Nearly 60% of smartphone and tablet owners accessed sports content via their device at least once a day from January to September 2012, Nielsen found.
In addition, some 12% of smartphone owners and 10% of tablet owners did so more than three times a day:
Below, additional findings from Nielsen's 2012 Year in Sports, which reports on sports-related insights for the NFL, NBA, MLB, NHL, motor sports, golf, soccer, NCCA sports, NCA, and the 2012 Summer Olympic Games.
Top Devices for Checking Scores and Stats
Though sports content comes in many shapes and forms, sports fans typically pay most attention to the latest scores and stats.
Among owners of multiple connected devices, smartphones and laptops were the preferred device for checking sports scores (16%, respectively), followed by Internet-enabled TV sets (12%), tablets (9%), and gaming consoles (7%):
Sports fans were also active on social media during the year: 41% of all TV-related Tweets were about sports programming, though sports accounted for only 1.3% of all TV programming.
Most Marketable Athletes
To determine the most marketable athletes, Nielsen partnered with E-Poll Market Research to create the "N-Score," a metric that measures the endorsement potential of athletes.
To calculate the scores, Nielsen polled roughly 1,100 Americans age 13+. The results are based on the public's awareness of the athletes and on a series of questions pertaining to their appeal and attributes.
Among moms surveyed, Michael Phelps is the most marketable athlete in the US, with an N-Score of 497, whereas among dads, that award goes to Peyton Manning with a score of 553. For dads, the second place winner, Danica Patrick, trails Manning by some 192 points.
Teens rank Michael Phelps as the most marketable athlete (with an N-Score of 570), while Americans age 65+ favor Gaby Douglas (783) and Tim Tebow (566).
Other key findings:
- There were nearly 60,000 programming hours of sporting events on national broadcast and cable television in 2012, up 45% from 2011 levels.
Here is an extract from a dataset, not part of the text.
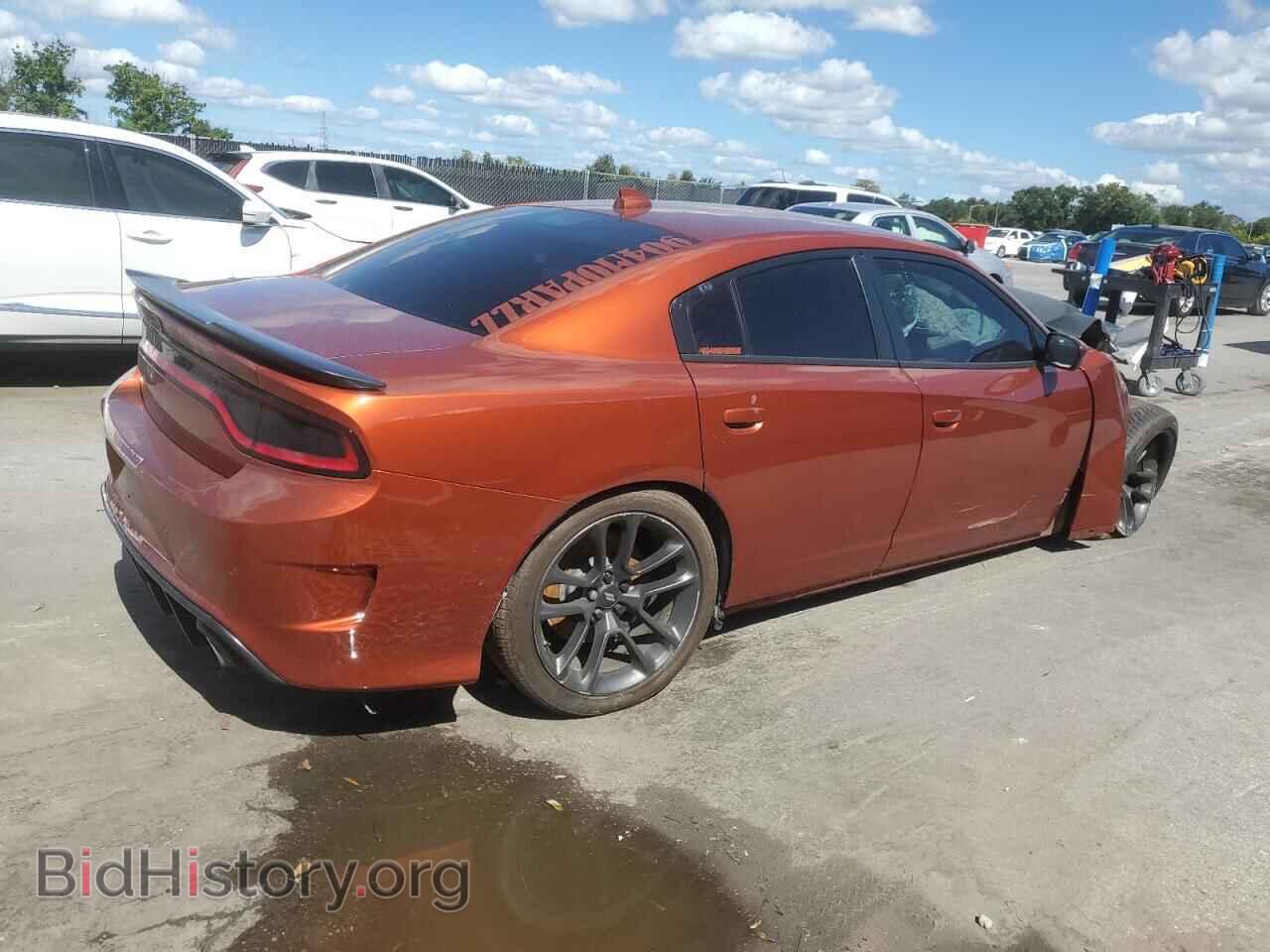 2020 DODGE CHARGER - VIN: 2C3CDXGJ9LH244193 - Фото 3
That jump was driven in large part by the 2012 Summer Olympics.
- Most sporting events were watched live: 99% of sports events were consumed within the same day of airing among viewers age 18-49.
- Some $13.3 billion dollars was spent on sports events programming in 2012, accounting for 23% of national TV ad spend.
- TV viewers who recalled ads were 10% more likely to remember the advertiser's brand during sports programs than during non-sports programming in 2012.